On 14 December 2023, Lady Tureiti Moxon and Janice Kuka filed a claim at the Waitangi Tribunal, challenging the Government's plans to dissolve Te Aka Whai Ora. They claimed that the Government's plans to dissolve the agency constituted a breach of the Treaty of Waitangi. On 18 December, the Government filed a memorandum of counsel opposing Moxon and Kuka's claim. The Government conceded that it had no alternative plan to address poor Māori health outcomes and that it had not consulted Māori according to the principles of the Treaty. The Government also conceded its plans to dissolve Te Aka Whai Ora had been motivated by political expediency during the 2023 election campaign.
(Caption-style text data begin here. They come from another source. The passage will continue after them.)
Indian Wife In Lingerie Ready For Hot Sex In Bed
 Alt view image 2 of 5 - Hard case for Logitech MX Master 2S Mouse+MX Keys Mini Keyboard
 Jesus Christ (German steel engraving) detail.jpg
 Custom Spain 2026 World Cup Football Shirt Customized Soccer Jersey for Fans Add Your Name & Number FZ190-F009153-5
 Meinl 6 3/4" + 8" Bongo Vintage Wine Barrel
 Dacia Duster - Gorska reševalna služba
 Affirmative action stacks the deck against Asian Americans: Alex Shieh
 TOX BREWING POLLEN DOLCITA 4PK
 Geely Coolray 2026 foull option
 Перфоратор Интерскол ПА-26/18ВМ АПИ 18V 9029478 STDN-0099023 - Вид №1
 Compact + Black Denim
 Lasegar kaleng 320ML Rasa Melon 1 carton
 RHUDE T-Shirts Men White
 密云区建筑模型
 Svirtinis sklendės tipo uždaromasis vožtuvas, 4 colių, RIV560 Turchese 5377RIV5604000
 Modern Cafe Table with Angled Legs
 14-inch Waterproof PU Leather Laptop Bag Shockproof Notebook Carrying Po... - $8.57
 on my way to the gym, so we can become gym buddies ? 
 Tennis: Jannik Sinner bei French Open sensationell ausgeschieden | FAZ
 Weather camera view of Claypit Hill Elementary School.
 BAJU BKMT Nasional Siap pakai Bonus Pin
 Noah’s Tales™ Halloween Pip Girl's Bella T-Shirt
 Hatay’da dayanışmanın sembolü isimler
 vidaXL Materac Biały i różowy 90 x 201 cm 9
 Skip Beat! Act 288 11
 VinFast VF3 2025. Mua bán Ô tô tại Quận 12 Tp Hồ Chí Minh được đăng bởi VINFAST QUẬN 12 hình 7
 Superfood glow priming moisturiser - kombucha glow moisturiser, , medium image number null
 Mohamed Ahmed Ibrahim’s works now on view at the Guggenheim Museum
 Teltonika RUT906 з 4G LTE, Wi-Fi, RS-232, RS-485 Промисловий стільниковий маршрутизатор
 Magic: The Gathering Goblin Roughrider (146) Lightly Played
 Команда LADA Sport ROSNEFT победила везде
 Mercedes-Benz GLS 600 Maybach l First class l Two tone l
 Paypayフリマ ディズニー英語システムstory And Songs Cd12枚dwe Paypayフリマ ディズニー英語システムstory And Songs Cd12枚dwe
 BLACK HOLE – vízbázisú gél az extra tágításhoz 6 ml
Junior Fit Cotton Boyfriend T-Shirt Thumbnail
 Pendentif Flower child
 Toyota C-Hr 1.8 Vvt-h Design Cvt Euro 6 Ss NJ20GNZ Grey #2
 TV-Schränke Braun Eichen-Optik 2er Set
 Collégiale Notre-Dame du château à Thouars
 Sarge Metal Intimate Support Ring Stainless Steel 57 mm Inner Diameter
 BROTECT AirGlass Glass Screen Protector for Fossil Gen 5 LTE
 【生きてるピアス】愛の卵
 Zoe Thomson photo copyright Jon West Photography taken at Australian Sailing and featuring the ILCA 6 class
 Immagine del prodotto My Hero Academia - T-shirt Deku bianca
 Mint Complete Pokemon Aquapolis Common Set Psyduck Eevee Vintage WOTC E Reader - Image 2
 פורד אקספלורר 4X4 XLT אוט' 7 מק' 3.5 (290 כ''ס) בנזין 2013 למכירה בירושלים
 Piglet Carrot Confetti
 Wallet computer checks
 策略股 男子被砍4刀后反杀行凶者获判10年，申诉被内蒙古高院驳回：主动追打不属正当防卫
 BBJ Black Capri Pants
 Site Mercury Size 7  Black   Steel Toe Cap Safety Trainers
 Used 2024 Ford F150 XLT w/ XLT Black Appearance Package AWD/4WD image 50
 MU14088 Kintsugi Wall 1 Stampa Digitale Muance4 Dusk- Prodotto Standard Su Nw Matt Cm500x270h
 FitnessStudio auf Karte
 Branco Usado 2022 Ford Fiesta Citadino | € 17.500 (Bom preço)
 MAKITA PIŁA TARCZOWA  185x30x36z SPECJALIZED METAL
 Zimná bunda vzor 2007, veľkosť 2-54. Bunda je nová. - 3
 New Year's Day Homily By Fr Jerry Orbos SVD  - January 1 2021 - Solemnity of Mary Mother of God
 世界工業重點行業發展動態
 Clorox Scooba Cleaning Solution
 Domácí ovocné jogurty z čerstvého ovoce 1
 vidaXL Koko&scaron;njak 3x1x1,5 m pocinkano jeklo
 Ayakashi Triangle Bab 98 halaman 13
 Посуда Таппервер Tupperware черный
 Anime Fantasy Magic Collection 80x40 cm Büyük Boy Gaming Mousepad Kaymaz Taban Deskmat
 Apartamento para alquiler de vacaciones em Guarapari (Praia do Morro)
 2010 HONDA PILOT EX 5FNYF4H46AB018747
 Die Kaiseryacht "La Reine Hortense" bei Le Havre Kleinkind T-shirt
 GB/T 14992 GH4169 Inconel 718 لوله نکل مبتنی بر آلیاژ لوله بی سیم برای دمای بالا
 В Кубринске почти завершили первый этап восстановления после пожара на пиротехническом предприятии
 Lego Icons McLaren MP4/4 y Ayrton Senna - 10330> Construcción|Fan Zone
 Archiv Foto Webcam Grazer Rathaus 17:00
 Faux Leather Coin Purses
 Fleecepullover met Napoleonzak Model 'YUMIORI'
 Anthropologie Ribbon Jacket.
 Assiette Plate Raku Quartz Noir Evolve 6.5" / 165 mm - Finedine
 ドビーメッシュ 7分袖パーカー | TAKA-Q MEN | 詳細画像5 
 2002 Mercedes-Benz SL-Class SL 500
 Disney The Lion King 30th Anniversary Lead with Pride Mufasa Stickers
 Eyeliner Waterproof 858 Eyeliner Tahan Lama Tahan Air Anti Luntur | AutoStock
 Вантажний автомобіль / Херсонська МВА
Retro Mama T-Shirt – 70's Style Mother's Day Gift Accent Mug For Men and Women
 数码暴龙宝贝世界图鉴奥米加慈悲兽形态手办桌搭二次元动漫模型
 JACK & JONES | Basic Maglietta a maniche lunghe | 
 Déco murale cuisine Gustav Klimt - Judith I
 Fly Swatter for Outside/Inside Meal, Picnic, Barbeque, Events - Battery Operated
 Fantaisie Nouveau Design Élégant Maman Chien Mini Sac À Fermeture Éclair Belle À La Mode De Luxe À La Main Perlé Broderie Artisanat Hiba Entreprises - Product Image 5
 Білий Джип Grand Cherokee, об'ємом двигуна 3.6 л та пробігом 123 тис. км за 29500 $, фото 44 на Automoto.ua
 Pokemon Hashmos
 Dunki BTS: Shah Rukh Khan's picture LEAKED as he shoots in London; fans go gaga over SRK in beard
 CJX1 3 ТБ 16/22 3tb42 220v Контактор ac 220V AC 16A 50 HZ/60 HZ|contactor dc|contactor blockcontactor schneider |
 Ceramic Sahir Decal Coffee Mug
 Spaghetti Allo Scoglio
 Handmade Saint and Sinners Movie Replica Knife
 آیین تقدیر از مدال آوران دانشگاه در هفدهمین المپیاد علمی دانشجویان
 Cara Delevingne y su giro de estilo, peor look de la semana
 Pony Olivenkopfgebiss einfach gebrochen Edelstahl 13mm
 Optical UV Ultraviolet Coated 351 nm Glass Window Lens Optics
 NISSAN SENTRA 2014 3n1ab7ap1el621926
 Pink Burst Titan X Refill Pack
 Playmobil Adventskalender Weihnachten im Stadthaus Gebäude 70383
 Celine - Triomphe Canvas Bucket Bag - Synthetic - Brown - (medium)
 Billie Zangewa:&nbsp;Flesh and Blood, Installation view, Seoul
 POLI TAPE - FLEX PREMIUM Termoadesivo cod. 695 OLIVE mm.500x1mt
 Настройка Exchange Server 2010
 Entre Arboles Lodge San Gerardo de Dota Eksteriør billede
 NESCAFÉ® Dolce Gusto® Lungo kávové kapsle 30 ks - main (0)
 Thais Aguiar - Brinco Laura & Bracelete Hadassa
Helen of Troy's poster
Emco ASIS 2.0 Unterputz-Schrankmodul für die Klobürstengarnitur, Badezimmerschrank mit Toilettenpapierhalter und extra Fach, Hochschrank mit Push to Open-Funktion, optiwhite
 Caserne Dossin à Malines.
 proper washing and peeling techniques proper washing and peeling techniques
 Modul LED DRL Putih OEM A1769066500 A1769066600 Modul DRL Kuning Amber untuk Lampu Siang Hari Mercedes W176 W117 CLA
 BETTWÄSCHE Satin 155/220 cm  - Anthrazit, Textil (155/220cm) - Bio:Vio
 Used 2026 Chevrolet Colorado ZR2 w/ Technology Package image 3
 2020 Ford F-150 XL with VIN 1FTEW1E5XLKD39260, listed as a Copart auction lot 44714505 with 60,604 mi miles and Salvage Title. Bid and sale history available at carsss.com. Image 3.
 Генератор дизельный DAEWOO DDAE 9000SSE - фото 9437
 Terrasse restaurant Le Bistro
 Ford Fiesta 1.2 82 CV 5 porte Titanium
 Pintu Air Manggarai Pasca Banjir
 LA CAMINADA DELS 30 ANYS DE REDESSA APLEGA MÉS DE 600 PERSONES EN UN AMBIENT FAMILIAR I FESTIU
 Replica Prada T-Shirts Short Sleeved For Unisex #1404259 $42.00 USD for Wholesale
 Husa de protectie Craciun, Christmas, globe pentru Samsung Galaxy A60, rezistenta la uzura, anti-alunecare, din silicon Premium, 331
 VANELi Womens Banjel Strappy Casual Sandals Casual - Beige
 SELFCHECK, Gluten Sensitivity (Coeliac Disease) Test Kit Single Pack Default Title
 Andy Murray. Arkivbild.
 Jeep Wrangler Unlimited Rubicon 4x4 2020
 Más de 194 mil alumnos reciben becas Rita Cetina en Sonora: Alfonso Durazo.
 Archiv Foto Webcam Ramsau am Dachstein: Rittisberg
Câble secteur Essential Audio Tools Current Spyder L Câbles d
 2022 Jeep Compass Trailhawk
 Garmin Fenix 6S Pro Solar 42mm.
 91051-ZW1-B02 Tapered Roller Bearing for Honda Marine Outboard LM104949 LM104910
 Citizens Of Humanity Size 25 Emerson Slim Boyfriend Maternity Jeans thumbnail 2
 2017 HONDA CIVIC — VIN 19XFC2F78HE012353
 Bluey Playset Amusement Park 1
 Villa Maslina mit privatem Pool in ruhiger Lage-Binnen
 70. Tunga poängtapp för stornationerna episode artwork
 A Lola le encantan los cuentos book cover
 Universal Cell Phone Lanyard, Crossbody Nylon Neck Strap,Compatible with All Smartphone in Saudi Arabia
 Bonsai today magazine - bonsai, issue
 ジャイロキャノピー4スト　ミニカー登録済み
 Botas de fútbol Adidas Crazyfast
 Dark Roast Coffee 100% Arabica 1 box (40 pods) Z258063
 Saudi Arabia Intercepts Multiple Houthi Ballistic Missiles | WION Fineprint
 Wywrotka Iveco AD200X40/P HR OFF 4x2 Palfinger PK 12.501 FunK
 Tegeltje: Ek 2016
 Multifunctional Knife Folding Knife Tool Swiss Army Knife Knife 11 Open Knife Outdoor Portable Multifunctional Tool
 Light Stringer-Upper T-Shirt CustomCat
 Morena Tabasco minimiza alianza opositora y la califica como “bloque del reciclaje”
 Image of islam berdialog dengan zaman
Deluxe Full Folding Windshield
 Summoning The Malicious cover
On 15 December, Waatea News reported that Te Aka Whai Ora's chief executive Riana Manuel had met several times with Health Minister Reti and Associate Health Minister Matt Doocey. While Reti confirmed that the Government would proceed with its plans to dissolve the organisation, he reaffirmed the Government's commitment to continue working with iwi-Māori partnership boards on the health needs of the Māori community including mental health.

In early February, 700 doctors signed a letter petitioning the Heath Minister Reti protesting the Government's plans to dissolve Te Aka Whai Ora and seeking information on how the Government planned to prioritise Māori health outcomes.

Urgent legislation to disestablish Te Aka Whai Ora by 30 June 2024 was introduced into Parliament by Dr Reti on 27 February and passed on 28 February 2024. The governing National, ACT and NZ First parties supported its disestablishment while the opposition Labour, Green parties and Te Pāti Māori opposed it. Its functions and staff will be absorbed into the Ministry of Health and Te Whatu Ora.

The Government's disestablishment of Te Aka Whai Ora was criticised by several individuals and groups including University of Waikato academic and general practitioner Dr Rawiri Keenan, Māori health advocacy group Hāpaii Te Hauora, the Iwi Chairs Forum and former Te Whatu Ora chair Rob Campbell. Lady Moxon described the Government's decision to pass legislation dissolving the Māori Health Authority prior to the scheduled Waitangi Tribunal hearing on 29 February as disrespectful. In response, Prime Minister Christopher Luxon and Dr Reti said that the agency's dissolution was part of the National-led government's 100-day plan. Luxon stated "we’ve campaigned on it. The New Zealand people supported it."

On 15 May, several Māori health providers including Te Puna Ora o Mataatua, the Ngāti Hine Health Trust, Te Kohao Health and Papakura Marae challenged the Government's decision to abolish Te Aka Whai Ora in the High Court, alleging breaches of the Treaty of Waitangi and the New Zealand Bill of Rights Act 1990.

On 1 July 2024, several former Te Aka Whai Ora board members and senior executives including chair Tipa Mahuta and founding chief executive Riana Manuel gathered for a farewell ceremony at Waitangi to bid the independent Crown entity farewell. The ceremony was also attended by former associate health minister Peeni Henare. The organisation's responsibility for managing Māori health outcomes was reassigned to iwi partnership boards. Many former Te Aka Whai Ora staff returned to the community health sector.